My first encounter with robotic process automation (RPA) dates to 2017. At the time, just like several others, I was skeptical of the technology, and everything it had to offer. Over the past two years, that notion has been turned on its head.
These days, every time I am presented with a business process driven primarily by humans, I tend to question whether we need to execute it.
How is RPA disruptive?
When we think of robots, we typically think of mechanical ‘beings’ that can be created to perform repetitive, laborious tasks instead of humans. RPA offers a similar capability at a software level, allowing us to create bots that can mimic human activity on computer applications.
To me, one of the biggest advantages of RPA is, it is completely non-invasive to the underlying system landscape. Each robot within the RPA framework is designed to require the same access and controls as a normal human user and performs a set of predefined tasks via the same user interface. This means that many RPA solutions can be implemented on a plug-and-play basis, helping you disrupt your market without disrupting operations.

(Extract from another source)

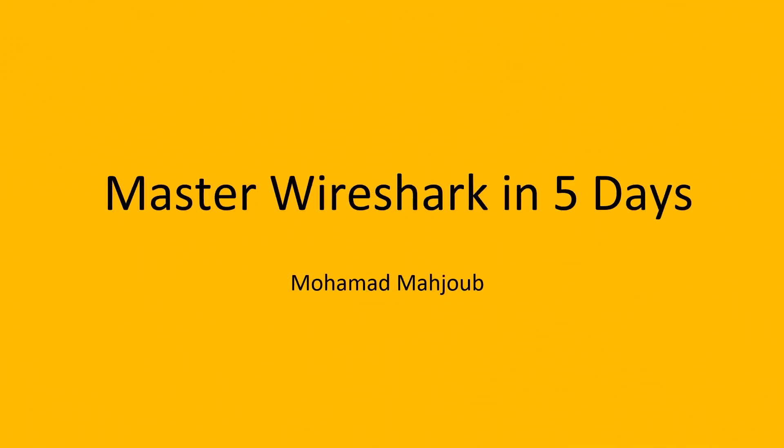Wireshark is a great tool that comes with priceless features. If you need to take advantage of such a tool, you need to understand it better and master its features. If you want to improve your skills with packet analysis, then welcome to the course Master Wireshark in 5 Days.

Another benefit of using RPA is that the components are very easy to re-design, develop, and scale as the underlying processes change. In fact, it is faster and more cost-effective than retraining human users.
Examples of how RPA can be effectively used in life sciences include faster data processing during clinical trials, improved pharmacovigilance by accurately capturing data, improved compliance through automated and standardized regulatory processes.
Within the life sciences domain, RPA has several potential use cases, including:
● Lifting several thousand documents each month from various sources (such as mailboxes, file shares, and other business applications) and loading them onto a web-based portal for reporting and archival purposes, while performing quality checks on the artefacts as they are being processed.
● Supplementing manual users with automated outputs generated by bots for processing case data within an application that maintains safety information for the sponsor’s products (pharmaceuticals, vaccines, devices, etc.).
Each of the above examples led to significant cost savings, increased efficiencies and improved quality in the process resulting in savings of hundreds of thousands of pounds per year for the sponsor.
While these benefits may seem extraordinary, I have learned the hard way that it is crucial to spend enough time analyzing the nitty-gritty of the processes being automated. In my experience, you can gain maximum efficiency with RPA if you start small and build your capabilities as your needs grow. The key is to not try and overachieve.
The evolving role of the human employee
Many tech pundits have pegged RPA as doomsday technology from an economic perspective, citing mass job losses and subsequently loss of relevance for skilled human workers. Today, we know these claims are far from the truth. Several new opportunities are arising from RPA as well, and just like any other industry disruptor, it simply forces humans to re-invent themselves in ways they have not foreseen.
Now, naturally RPA in its direct application is replacing humans in the literal sense, but over the long term, I see it more as an enabler that can relieve individuals from performing tedious, repetitive tasks that require very little thinking. This freedom from busywork allows life sciences organizations to devote more human resources to high-level tasks which require creativity and critical thinking. In short, RPA gives us all the bandwidth to effect more valuable changes throughout the enterprise.
The biggest threat to RPA
Armed with RPA, I started to realign resource-intensive processes to minimize the human capital involved. The journey was not without challenges, one of the most prominent being a stubborn resistance to change and technology adoption. This is especially true when automating tasks that have regulatory agencies as key stakeholders.
When I initially began implementing RPA, several stakeholder groups required convincing that the technology could streamline processes, ranging from capabilities to compliance. The business community was often the first to get on board as they are the direct beneficiaries of business process automation, but the technical community always had several other ideas. These ranged from process improvements to enhancing data quality to more intuitive integrations between systems.
The way forward
To conclude, though I have barely scratched the surface here, RPA technology has a lot to offer and can expand the potential of automation. We are no longer limited to devising smarter excel macros and VBA scripts but can automate huge swathes of resource-intensive administrative and data processing work.
Regardless of RPA’s future in the life sciences industry, it is undoubtedly one of the more valuable dimensions of digital transformation. Implementing RPA should be the goal of the life sciences industry, and not merely left to individual enterprises.